A Last Time for Everything
As the first gray hairs settle in just above my ears and my ankle heals, it dawns on me that I may be approaching the midpoint of my lifespan. Who’s to say with certainty? We have no control over the future, but if considering the median age of a male life, I’m nearing the midway marker.
The car hit last year struck me more mentally than physically (and that’s saying something because it struck me with pretty good force). By this I mean it spurred a number of realizations about mortality. The chief realization among them that is on my mind today is that there will be a last time for everything.
I was fairly certain upon feeling my foot bend the wrong direction against the road that I had ran for the last time.
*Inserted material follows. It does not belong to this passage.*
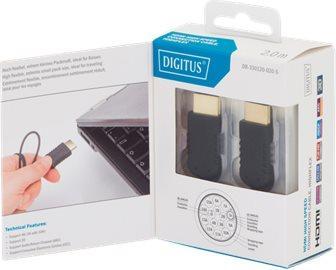 Image du produit Digitus HDMI (Typ A) — HDMI (Typ A) (2 m)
That was it, and suddenly it was gone like the rabbit in a magic show’s disappearing act. I was lucky enough that it wasn’t the case. Nonetheless, that day will eventually arrive, and I must accept this.
If that day did mark my final run, I did not get to wish my running days goodbye. There would be no “festive final run” or “emotional farewell to the act.” It’s simply there one day and gone the next. I suspect that most final acts end the same way and that most of us in the west do not realize this.
One day, there will be a last hike. There will be a last dream, a last bike ride, and a last beach trip. There will be a last glass of wine, a last kiss, and a last act of love. There will be a last dessert and a last witnessed sunrise. There will be a last hug. Mothers will see their babies become adults for the last time. Fathers will play catch with their kids for the last time. I will see a last colored hair fall from my face and see this city for the last time. I will write a final blog and a final story. I will read a final book. I will share a final joke. And of course, there will be a last breath of oxygen.
I suspect these moments happen, they pass, and we often take them for granted. We don’t expect the end of any to be near, but each day likely presents the final time we will ever do, or feel, or think something. Every day is in some way a final act.
In the daily rush that modern culture attempts to sweep me into I find that the act of “hurrying to what’s next” makes these final acts even less apparent. They are hidden by the greatest magician of them all: industry. In the chase for something better, for fewer problems, and for perhaps a glimpse at immortality, we lose something important today and are unaware that we ever lost it.
I don’t think this to put myself in a gloomy or nihilistic mood, but to note that it’s worthwhile to pause and appreciate what I have, and what I’m doing, at this moment. And to appreciate what I’ve done and where I’ve been.